● TASK BRIEF
List, from the lines below, each one with "Tote" in it.

● TASK INPUT
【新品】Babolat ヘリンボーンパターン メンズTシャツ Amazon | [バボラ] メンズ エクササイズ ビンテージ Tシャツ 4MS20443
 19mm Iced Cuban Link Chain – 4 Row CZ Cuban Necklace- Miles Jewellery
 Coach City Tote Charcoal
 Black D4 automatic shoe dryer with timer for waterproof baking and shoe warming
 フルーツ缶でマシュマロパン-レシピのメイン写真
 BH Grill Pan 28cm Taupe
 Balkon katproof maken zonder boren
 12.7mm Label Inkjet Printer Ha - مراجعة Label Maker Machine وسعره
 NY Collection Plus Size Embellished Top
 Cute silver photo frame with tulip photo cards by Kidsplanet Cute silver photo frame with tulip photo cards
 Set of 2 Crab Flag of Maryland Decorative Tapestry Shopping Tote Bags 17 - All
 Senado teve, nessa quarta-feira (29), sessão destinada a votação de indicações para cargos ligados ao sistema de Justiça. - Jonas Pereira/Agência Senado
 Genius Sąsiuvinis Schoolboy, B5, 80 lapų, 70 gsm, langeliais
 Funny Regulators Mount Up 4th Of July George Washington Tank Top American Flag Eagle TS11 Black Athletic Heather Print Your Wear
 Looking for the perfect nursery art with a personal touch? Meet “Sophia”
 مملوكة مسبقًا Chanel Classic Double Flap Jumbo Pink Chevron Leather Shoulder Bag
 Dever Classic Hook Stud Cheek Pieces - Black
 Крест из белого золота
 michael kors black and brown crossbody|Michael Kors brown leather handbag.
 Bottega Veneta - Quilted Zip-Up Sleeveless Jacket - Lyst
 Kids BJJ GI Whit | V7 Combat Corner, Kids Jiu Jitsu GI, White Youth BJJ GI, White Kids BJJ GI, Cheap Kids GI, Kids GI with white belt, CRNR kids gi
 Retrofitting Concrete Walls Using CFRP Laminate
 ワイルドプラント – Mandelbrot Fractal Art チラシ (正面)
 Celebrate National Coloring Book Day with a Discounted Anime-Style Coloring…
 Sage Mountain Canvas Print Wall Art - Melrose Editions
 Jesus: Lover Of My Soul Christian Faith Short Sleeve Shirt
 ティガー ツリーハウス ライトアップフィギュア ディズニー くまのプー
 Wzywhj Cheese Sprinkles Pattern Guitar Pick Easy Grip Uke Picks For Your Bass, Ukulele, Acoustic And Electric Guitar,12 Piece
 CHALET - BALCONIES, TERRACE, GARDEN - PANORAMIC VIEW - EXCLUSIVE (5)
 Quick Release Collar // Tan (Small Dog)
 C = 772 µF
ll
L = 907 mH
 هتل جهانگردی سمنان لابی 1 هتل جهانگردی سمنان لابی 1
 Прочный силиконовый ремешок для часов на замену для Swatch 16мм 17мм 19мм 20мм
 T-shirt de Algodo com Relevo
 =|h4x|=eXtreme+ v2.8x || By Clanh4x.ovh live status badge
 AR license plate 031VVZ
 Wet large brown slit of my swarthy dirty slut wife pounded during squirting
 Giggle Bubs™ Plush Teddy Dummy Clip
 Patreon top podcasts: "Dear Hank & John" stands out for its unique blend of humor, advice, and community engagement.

● RESULT OF THIS TASK
 Coach City Tote Charcoal
 Set of 2 Crab Flag of Maryland Decorative Tapestry Shopping Tote Bags 17 - All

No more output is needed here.